## INPUT RECORDS:
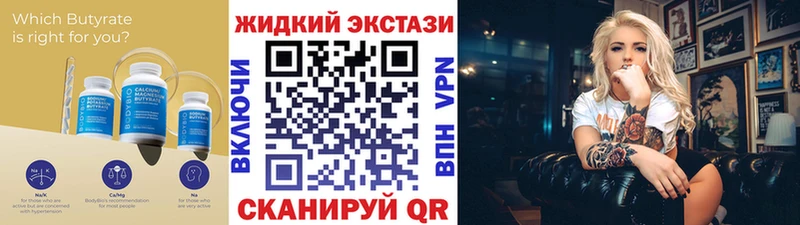 БУТИРАТ бутандиол  наркошоп  Камышин 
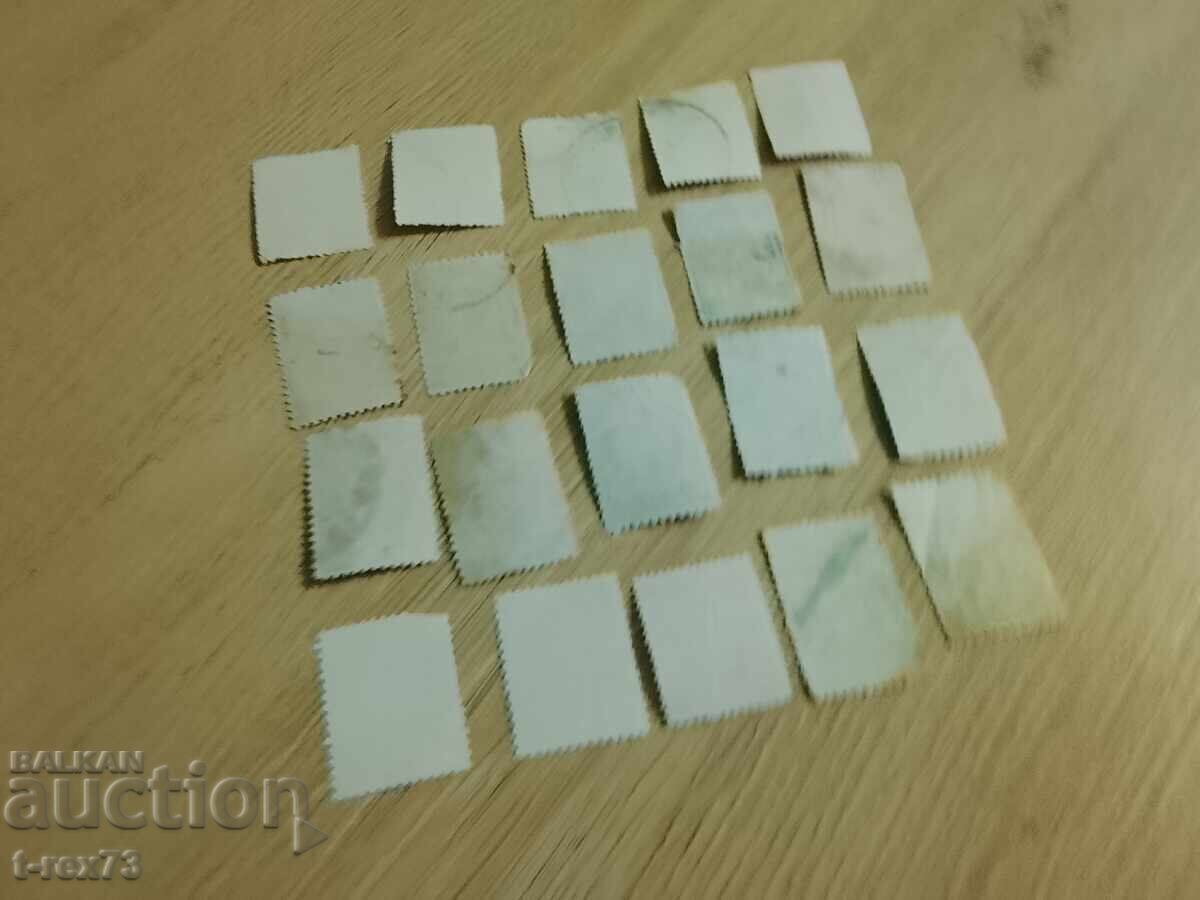 Lot timbre regale cu preț € 0.50 | 0.98 BGN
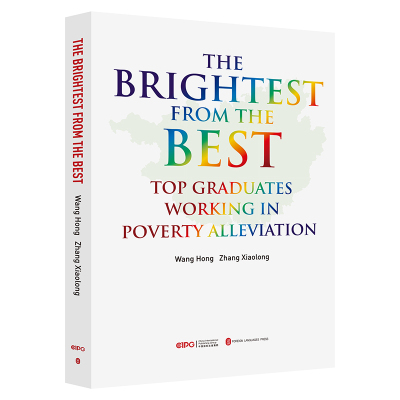 The brightest from the best:top graduates wo in poverty alleviation王虹普通大众扶贫案例中国英文经济书籍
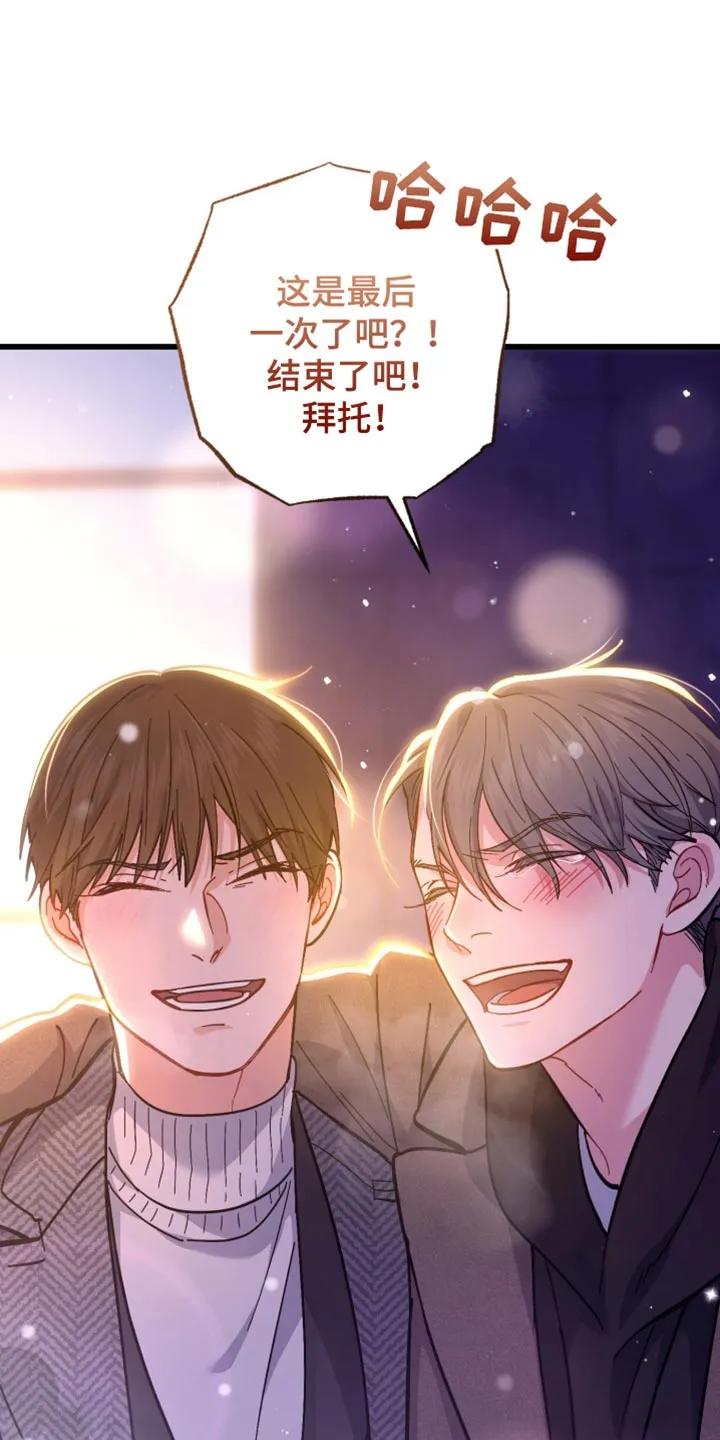 《快穿救赎》第117章：唯一的永远 第8页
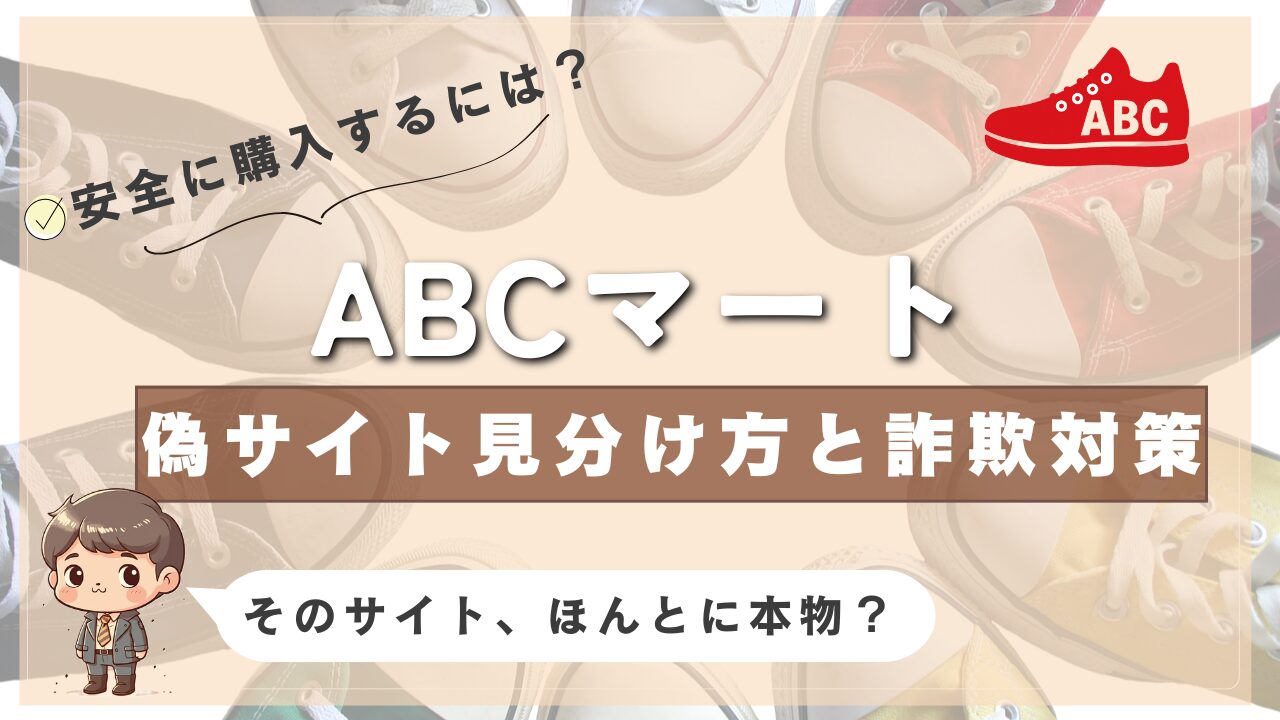 ABCマートの偽サイト対策と見分け方を説明する画像。スニーカーの写真付き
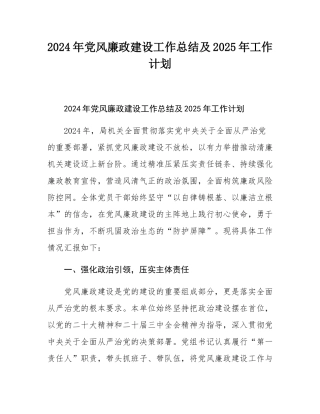 2024年党风廉政建设工作总结及2025年工作计划.docx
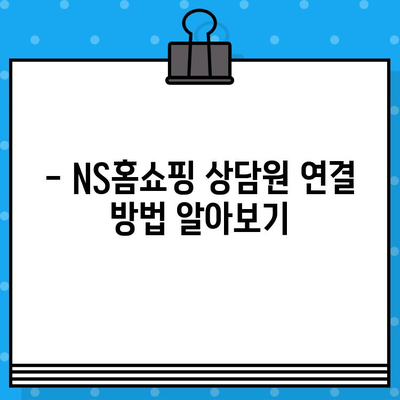 NS홈쇼핑 운영시간 & 상담원 연결 시간 안내 | 고객센터 연락처, 운영 시간, 상담원 연결 방법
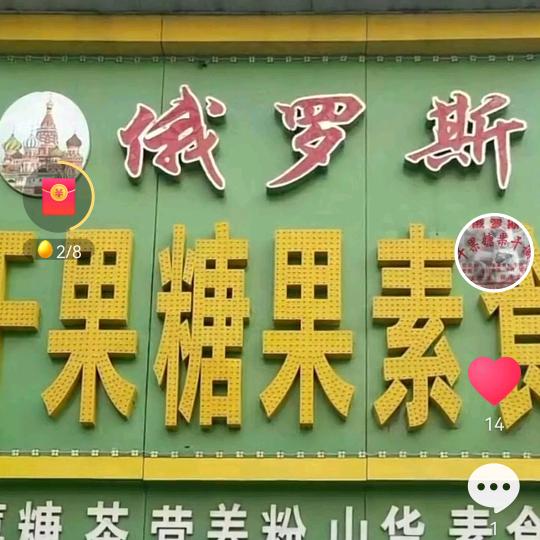 肇东市俄罗斯干果糖果素食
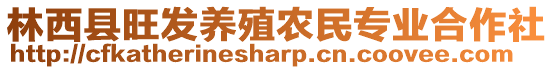 林西縣旺發(fā)養(yǎng)殖農民專業(yè)合作社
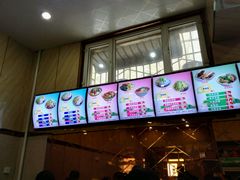 -红山擀面皮(红山总店)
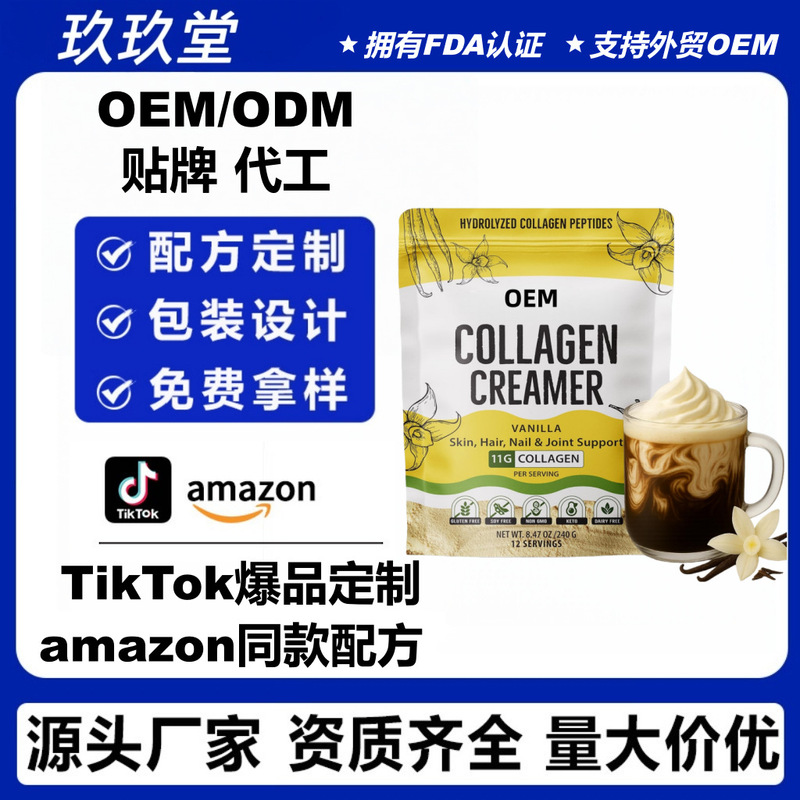 Source Factory Cross-Border Vanilla Collagen Coffee Companion Collagen Creamer for Coffee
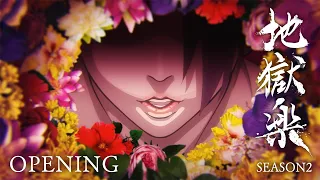 YouTube影片, 內容是地獄樂 第二季 的 OP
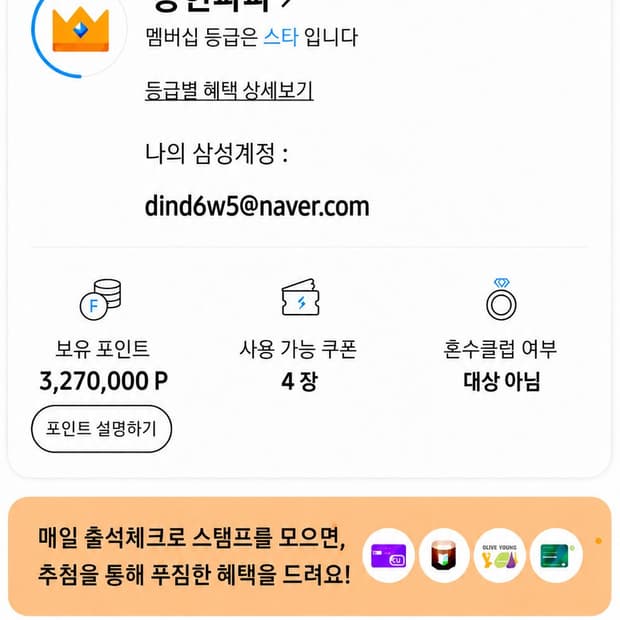 삼성포인트 10만당 6만판매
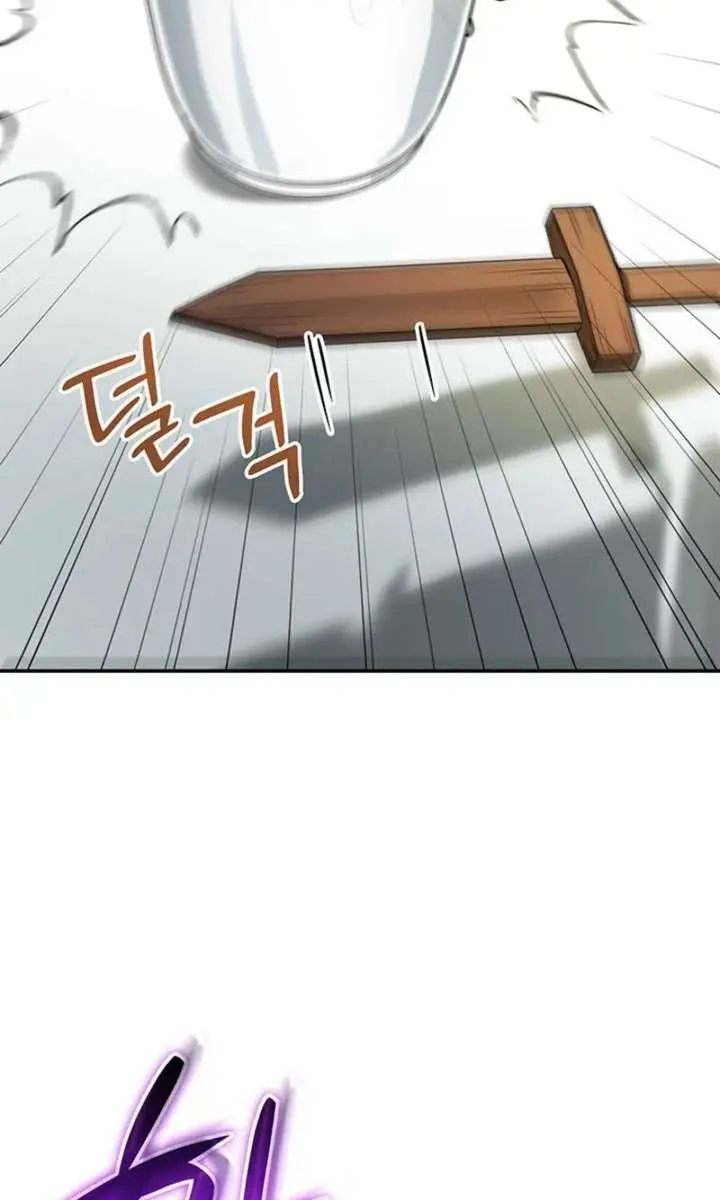 Turning the Mad Dog into a Genteel Lord Chapter 68 Page 50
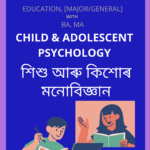Child And Adolescent Phychology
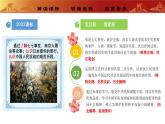 人教版初中歷史八上 第19課  七七事變與全民族抗戰(zhàn) 教學(xué)課件+教案+學(xué)案+分層作業(yè)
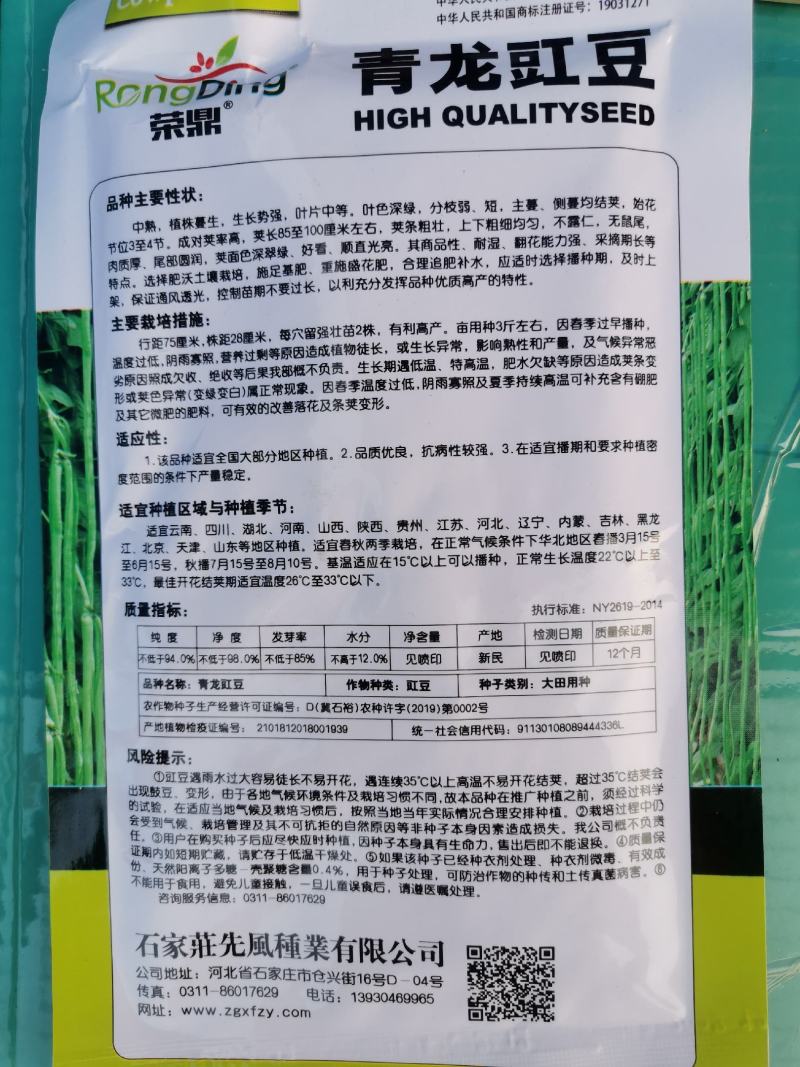 豆角种子特长豇豆种孑青白色耐老化春秋季蔬菜种子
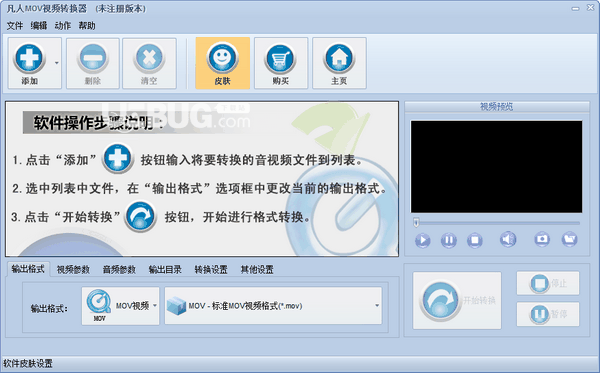 凡人MOV视频转换器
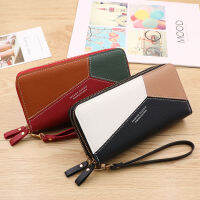 New Double Zipper Clutch Purse Womens Long Stitching Contrast Color Large Capacity Double-Layer Wallet Cell Phone Small Bag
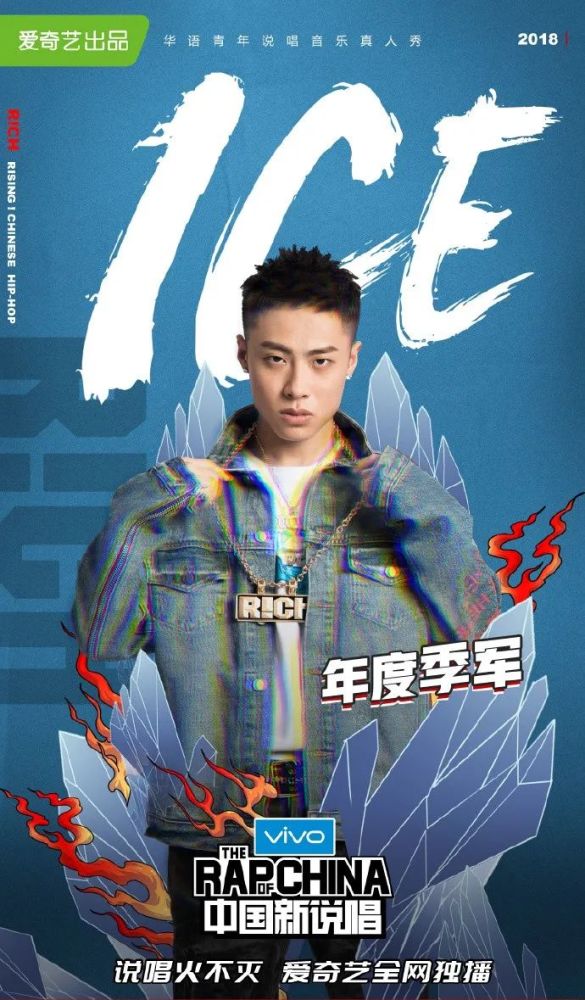 從《新說唱》季軍到《說唱聽我的》製作人,ice用浪漫詮釋了hiphop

## DIRECTIONS FOR THIS TASK:
Any picture in the material is to be left out, and everything else is to be retyped as is.

## SOLUTION:
 БУТИРАТ бутандиол  наркошоп  Камышин 
 Lot timbre regale cu preț € 0.50 | 0.98 BGN
 The brightest from the best:top graduates wo in poverty alleviation王虹普通大众扶贫案例中国英文经济书籍
 《快穿救赎》第117章：唯一的永远 第8页
 ABCマートの偽サイト対策と見分け方を説明する画像。スニーカーの写真付き
 2024年党风廉政建设工作总结及2025年工作计划.docx
 NS홈쇼핑 운영시간 & 상담원 연결 시간 안내 | 고객센터 연락처, 운영 시간, 상담원 연결 방법
 肇东市俄罗斯干果糖果素食
 林西縣旺發(fā)養(yǎng)殖農民專業(yè)合作社
 -红山擀面皮(红山总店)
 Source Factory Cross-Border Vanilla Collagen Coffee Companion Collagen Creamer for Coffee
 YouTube影片, 內容是地獄樂 第二季 的 OP
 삼성포인트 10만당 6만판매
 Turning the Mad Dog into a Genteel Lord Chapter 68 Page 50
Child And Adolescent Phychology
 人教版初中歷史八上 第19課  七七事變與全民族抗戰(zhàn) 教學(xué)課件+教案+學(xué)案+分層作業(yè)
 豆角种子特长豇豆种孑青白色耐老化春秋季蔬菜种子
 凡人MOV视频转换器
 New Double Zipper Clutch Purse Womens Long Stitching Contrast Color Large Capacity Double-Layer Wallet Cell Phone Small Bag
 從《新說唱》季軍到《說唱聽我的》製作人,ice用浪漫詮釋了hiphop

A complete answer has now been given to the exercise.